■ **Your task**
Every line below from the one with "Vexilar Soft Pack" through the one with "1 kg Forellenfutter" is to be repeated exactly, with no picture among them.

■ **Input data**
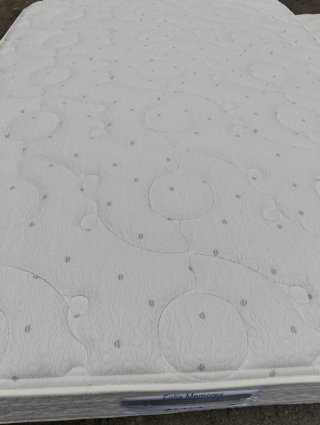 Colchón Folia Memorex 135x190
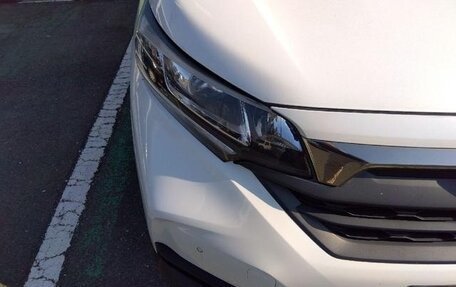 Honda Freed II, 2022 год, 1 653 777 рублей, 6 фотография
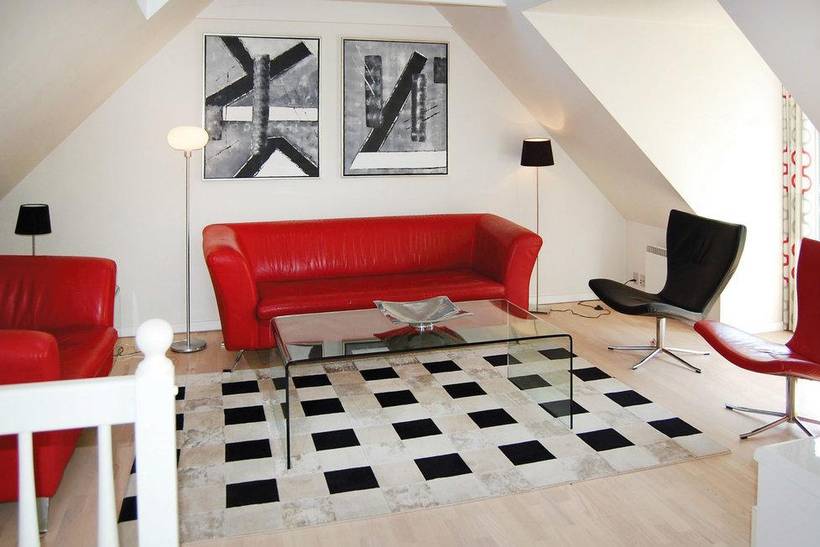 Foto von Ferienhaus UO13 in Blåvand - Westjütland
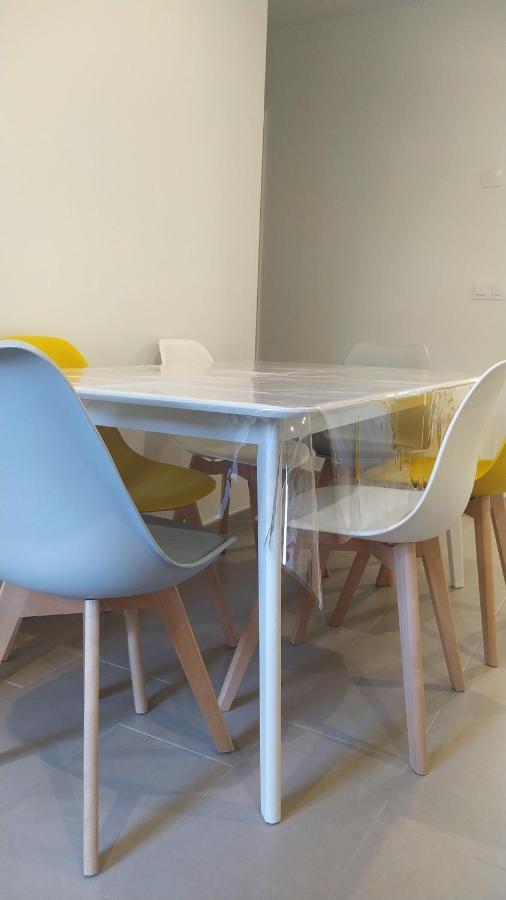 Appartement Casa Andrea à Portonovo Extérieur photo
...
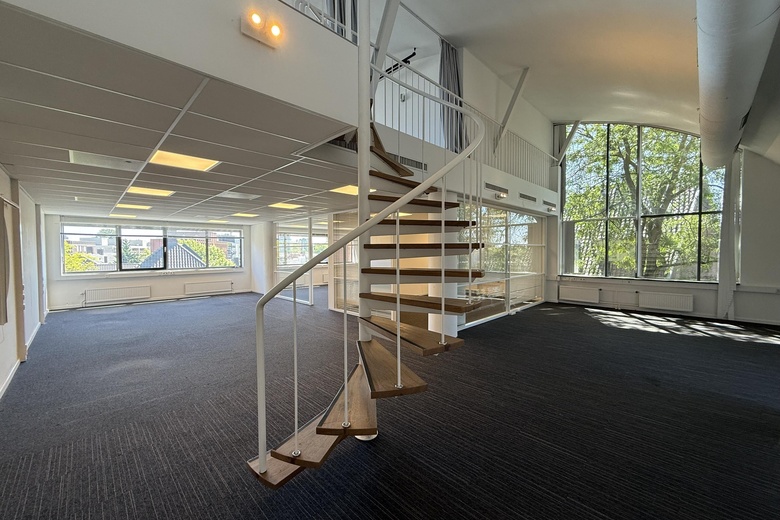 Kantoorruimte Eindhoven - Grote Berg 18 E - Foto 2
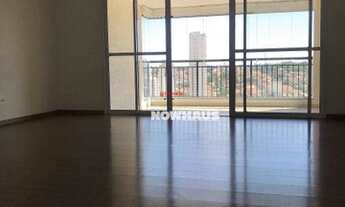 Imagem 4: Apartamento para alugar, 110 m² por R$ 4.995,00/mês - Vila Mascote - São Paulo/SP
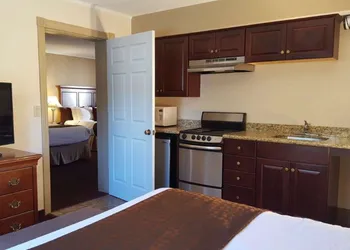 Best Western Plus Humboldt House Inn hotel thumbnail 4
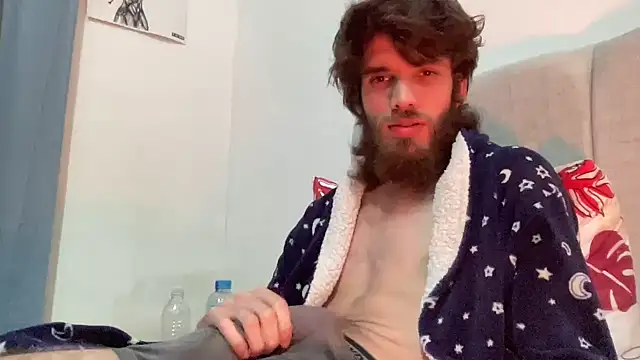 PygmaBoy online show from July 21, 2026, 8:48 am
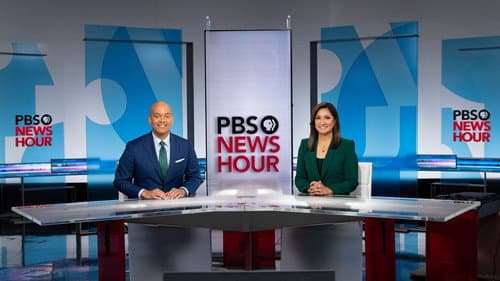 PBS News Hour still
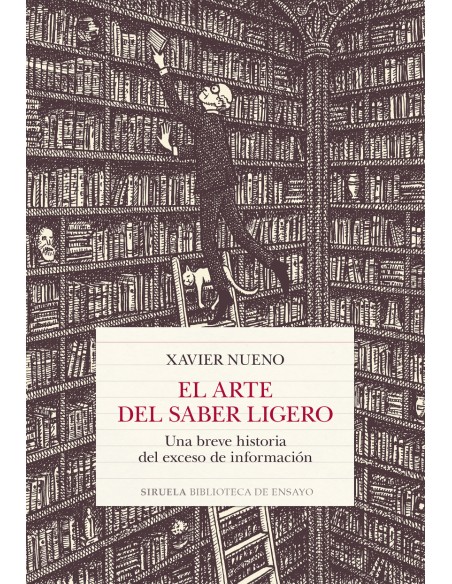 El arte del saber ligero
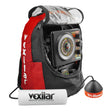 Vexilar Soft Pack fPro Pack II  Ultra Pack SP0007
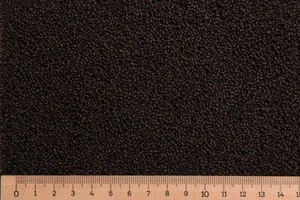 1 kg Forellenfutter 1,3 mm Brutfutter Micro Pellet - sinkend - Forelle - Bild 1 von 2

■ **Exercise solution**
 Vexilar Soft Pack fPro Pack II  Ultra Pack SP0007
 1 kg Forellenfutter 1,3 mm Brutfutter Micro Pellet - sinkend - Forelle - Bild 1 von 2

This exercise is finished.